As soon as she graduated she packed everything she owned into her Renault 11, including her daughter, two dogs and a cat, and headed off to Estonia to become an international school teacher. After fifteen years of teaching, predominantly in Eastern Europe, she returned to the UK to focus on her writing.
She now lives on the east coast of Scotland with a rescued Ukrainian street mutt, a Scottish black lab and a Portuguese cat who doesn't like the weather!
1. Why did you want to become a writer?
I had found myself in a crisis situation. My career (teaching) was no longer possible due to illness and I had to find something else to focus on, to occupy my mind, other than being ill. I turned to the Open University, choosing their Creative Writing module. My initial thinking was that I could write my biography. My life as an international school teacher had been exciting, unusual, perhaps people might be interested. I soon discovered that I had a bent for writing fiction. After the first year, and a distinction, I took the advanced course. This was great. Something I discovered that I loved doing. I could do well. Something that took me out of my skin, my situation, and gave me hope.
2. What's the toughest part of the writing process for you?
There is honestly nothing in the writing process that I don't enjoy from the spark of an idea to the 12th edit and subsequent proof reading. I love it all. Creating something, refining it, improving it, finally saying. Yep. It's finished. The whole thing is so rewarding. What I don't enjoy however is all of the other bits...the admin, publicity, technical aspects (formats and creating covers had me tearing my hair out!).

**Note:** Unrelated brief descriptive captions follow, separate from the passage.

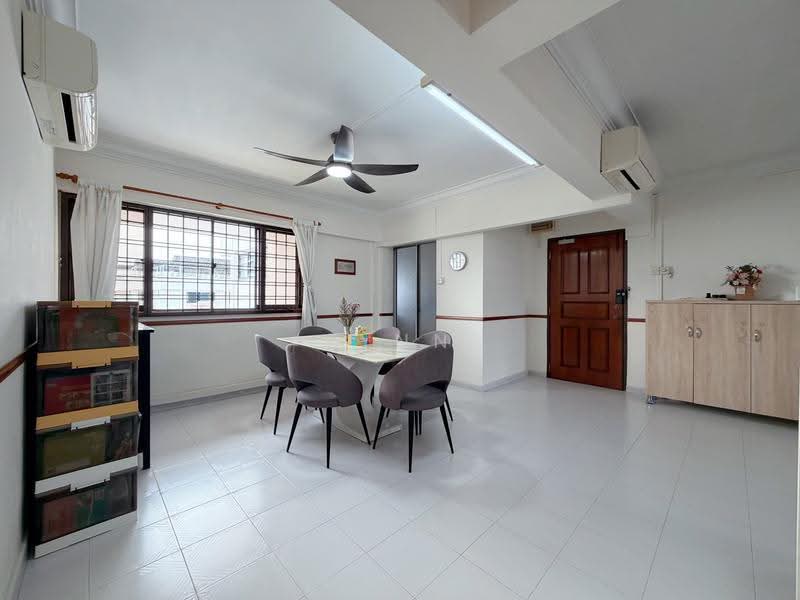 467 Jurong West Street 41, 467 Jurong West Street 41, Boon Lay / Jurong / Tuas, 3 Bedrooms, 1,302 sqft, HDB Flat For Sale, by Lynn Lim, 500261015 - Dining Room - PropertyGuru.com.sg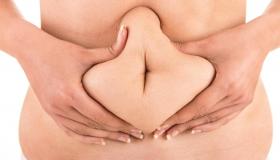 Hvorfor magen vokser raskt: mulige årsaker til en ufullkommen midje Fjern aldersrelatert fett hjemme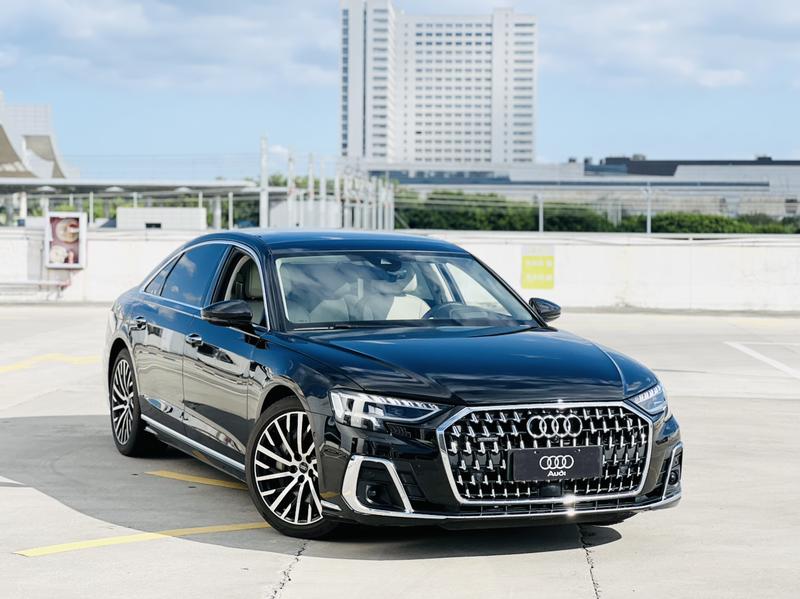 Audi A8, 2023 — фото 3 из 12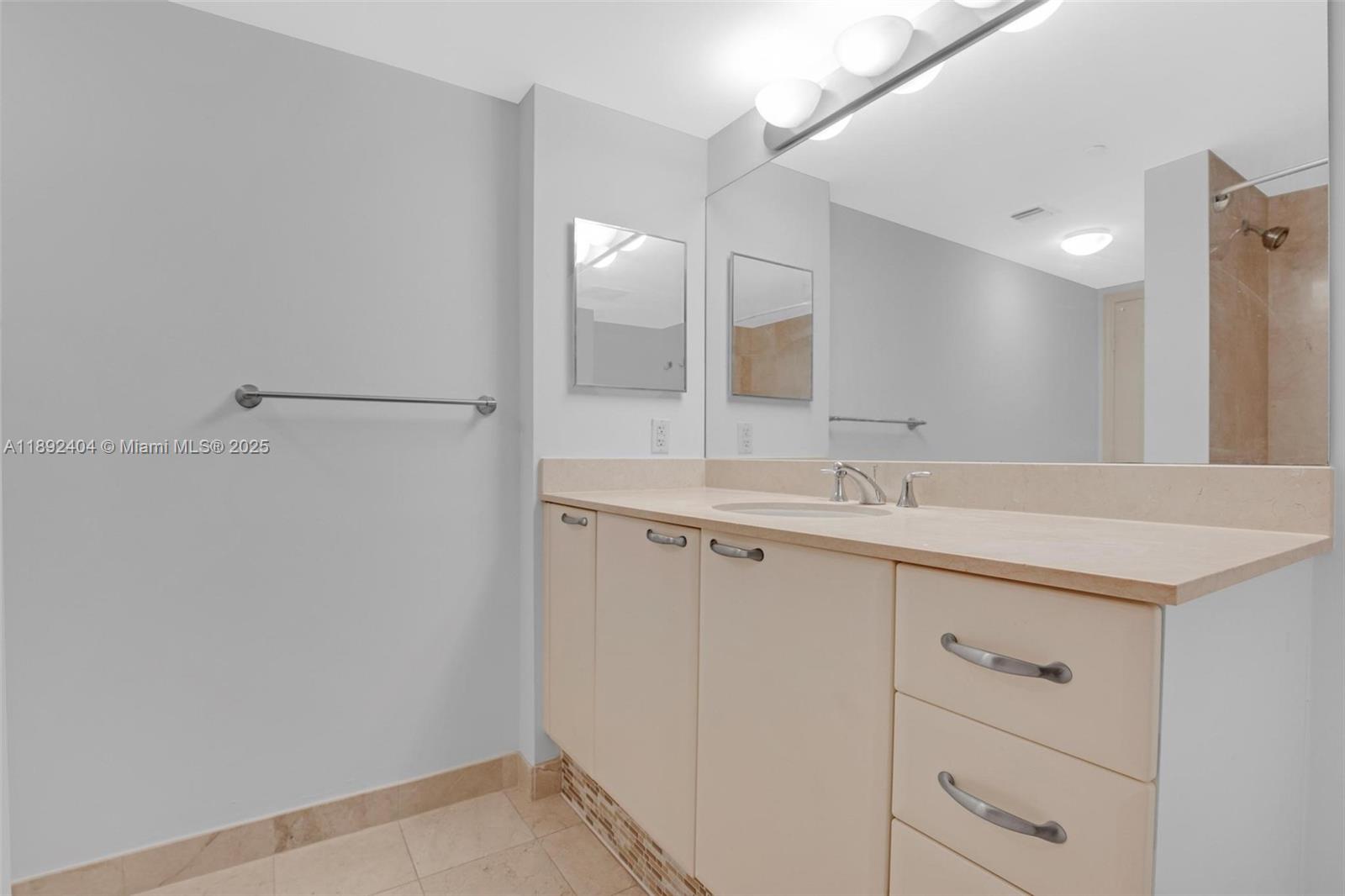 2101 Brickell Ave #1706, Miami FL 33129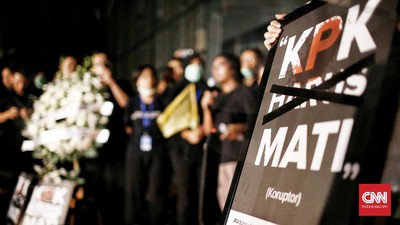 img-title WP KPK soal Peralihan ke PNS: Belum Ada Gejolak Internal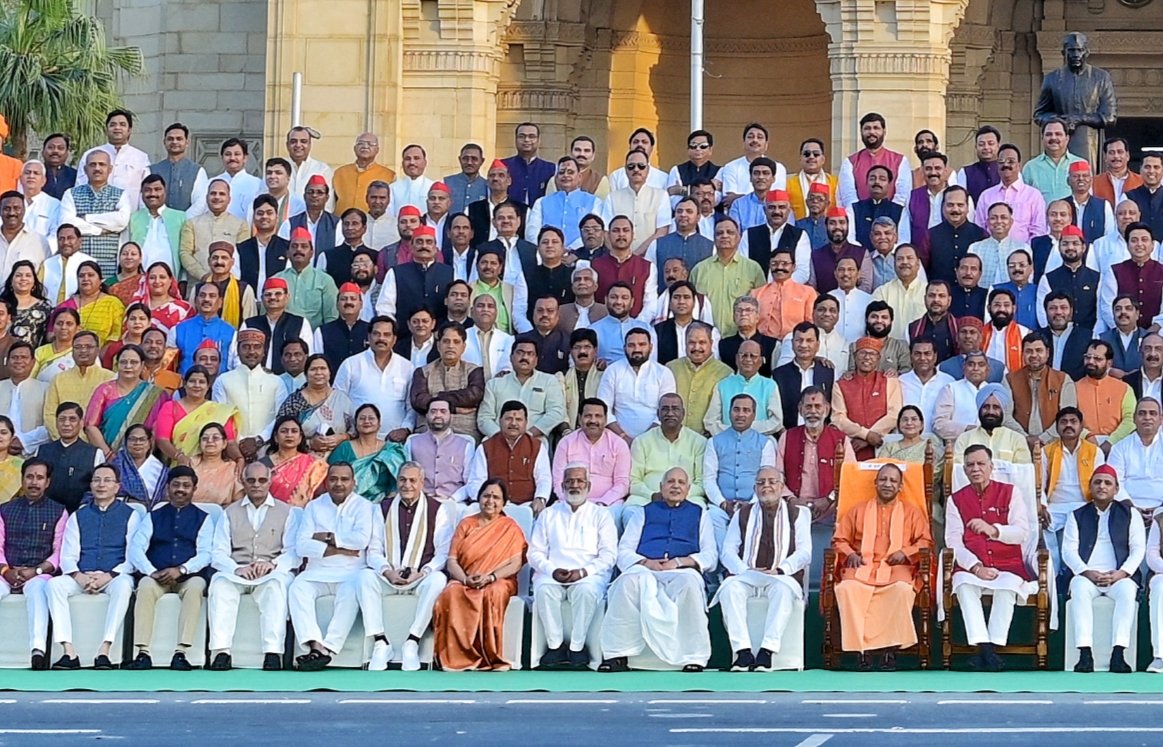 उत्तर प्रदेश 18वीं विधान सभा का वर्ष 2023 का प्रथम सत्र संपन्न हुआ…
सदन की कार्यवाही अनिश्चित काल के लिए स्थगित।
इस अवसर पर माननीय मुख्यमंत्री जी के नेतृत्व में विधानमंडल के माननीय सदस्यगणों का समूह चित्र।
#BudgetSession2023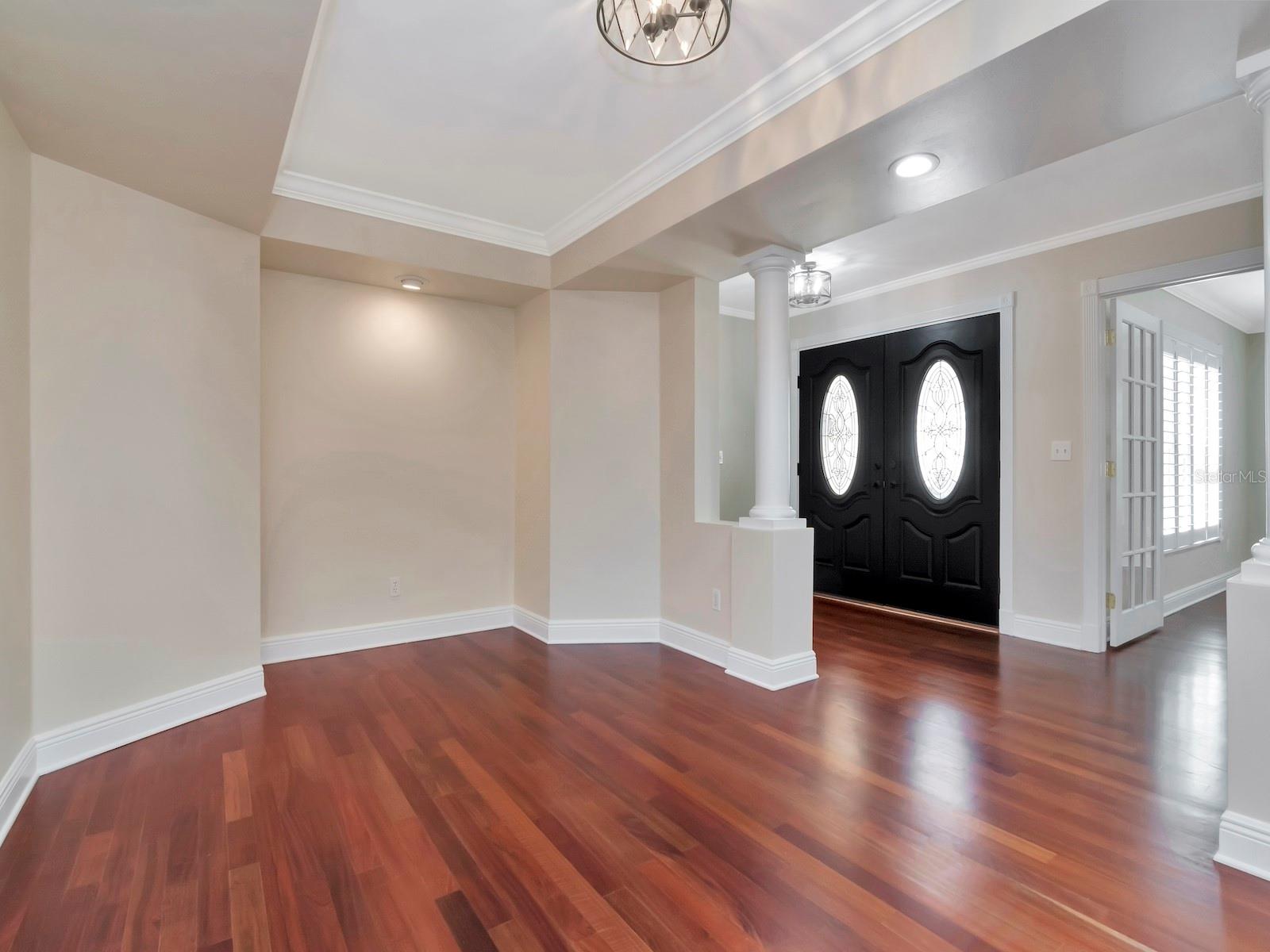 Image 12 of 45 For 165 Baltic Circle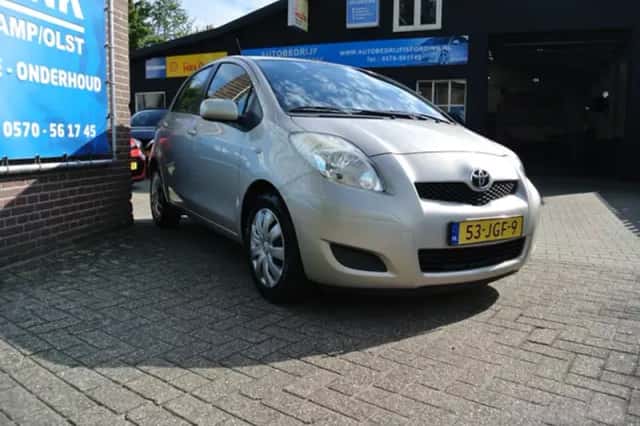 Toyota Yaris (2009) thumbnail 5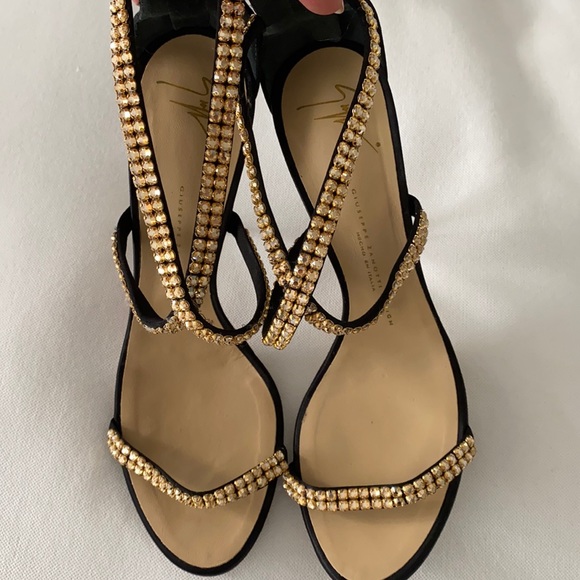 Beautiful Giuseppe Zanotti sandalssize 40 - Picture 1 of 8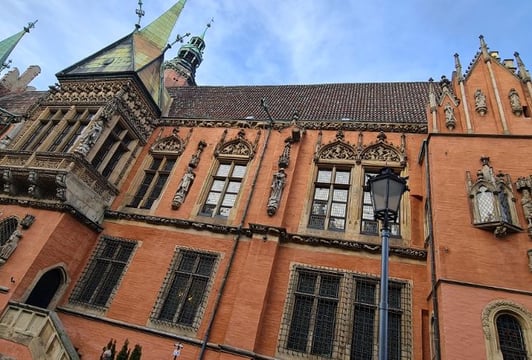 „Tajemnice Wrocławskiego Ratusza” – wycieczka z przewodnikiem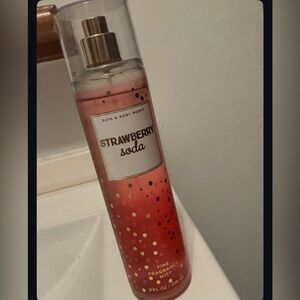 Bath & Body Works Pink Strawberry Soda Mist, body spray, fragrance, 8 oz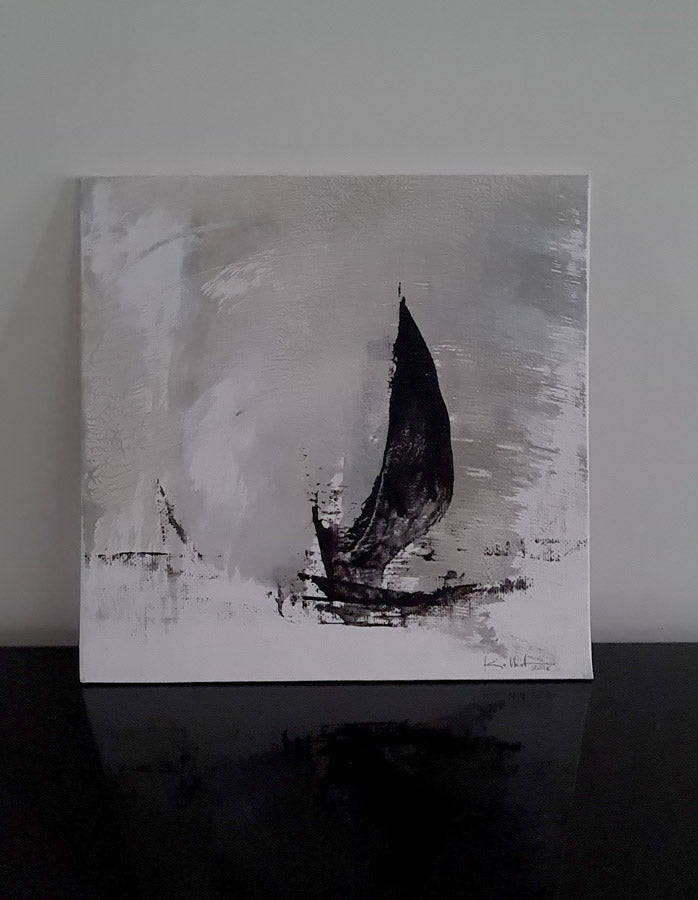 Halong Bay - peinture d'une voile noire noir sur fond gris. Carton toilé 19x19cm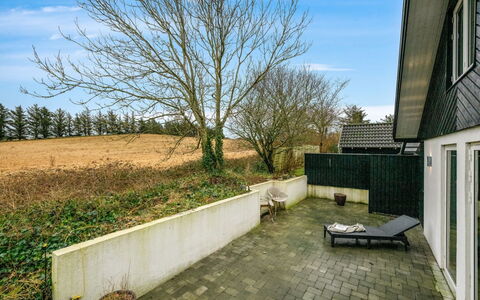 Elisabetha - 100M from the Sea: Domicile, Chalet, Porche, Dur, Siding, Plate-Forme, Ombre, Planche, Biens, Batiments Jardin
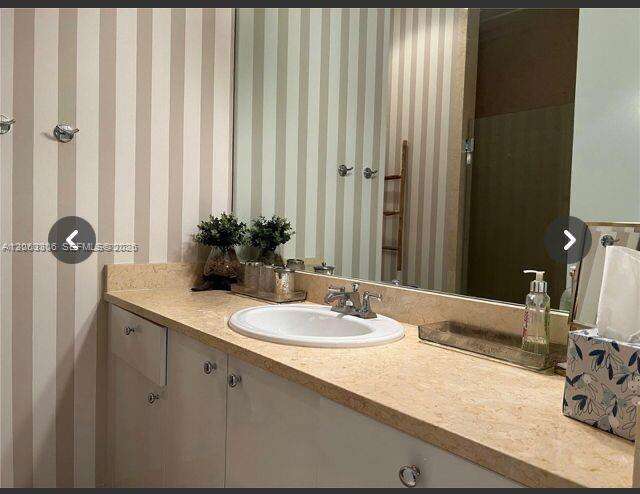 Turnberry Village North at 20000 Country Club Dr, Aventura, FL 33180 - For Rent photo 22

3. What's the most enjoyable part of writing?
It's hard to choose one particular thing but I do get an immense kick out of having struggled with something, a scene, a relationship, a piece of dialogue and having it suddenly fall into place. Magic! The whole getting lost in a world of your own creation is just a little bit special too.
4. Out of all the amazing books out there, which book do you wish you had written and why?
That would be Andrei Makine's Life of an Unknown Man. I think Makine's writing is sublime in general but the concept of this one is so clever. The way he deals with old and new Russia through an old man who has been left to die in a room in the middle of all that is 'New Russian', his heartbreaking story. Beautiful, thought provoking and, in my opinion, simply brilliant. Having spent fifteen years in former Soviet countries the story also holds a particular relevance for me.
5. If you could only save one of your characters from fictional calamity, which would you pick and why?
Aargh! That is really hard! I love all of my good guys. I think it would have to be Ranulf from To Retribution. He is such an interesting character with so many sides to him. A depth. I suppose he is the ultimate hero. A man who fights the good fight and doesn't let anything get in his way. He is also completely wacky, which I like!
6. If you could spend the day with your favourite literary character (not from your books), who would you spend it with and what would you do?
That would be Carl Hiaasen's creation, Skink. We would do something completely illegal to some dodgy politician who thoroughly deserved it, exposing dirty dealings, righting wrongs, that sort of thing. And, of course, we'd get away with it, leaving the world a better place!
7. What can we expect next from you?
I have learned not to say too much here. My stories keep changing and life throws curve balls so...we shall wait and see.
8. Is there any particular writing advice you wish you'd been given at the start of your writing career? If so, what is it? If not, what advice would you give to someone starting out?
I started writing late in life and had the support of an amazing tutor which helped greatly. The most important thing I have learned is that as a writer you should be yourself, to write what you want, what you feel and most importantly, to enjoy it!
9. Tell us what a typical writing day involves for you.
Mornings are for huge dog walks followed by admin. Afternoons are when I write. I try to get three or four hours of hard writing done though will admit to the odd wander into the Internet.
10. Finally, what are you reading at the moment?
I am reading The Story of Edgar Sawtelle by David Wroblewski and absolutely loving it.
New Dawn, the feared security force, is closing in yet again. The trio run, yet again. This time, however, they are pursued with a relentlessness, a brutality which seems far too extreme for their 'crimes.' A trail of death is left in their wake as they try to escape New Dawn and find out what is really behind this hunt. They are drawn into a web of human trafficking, child abuse and murder. Only it's closer than they think. Much closer.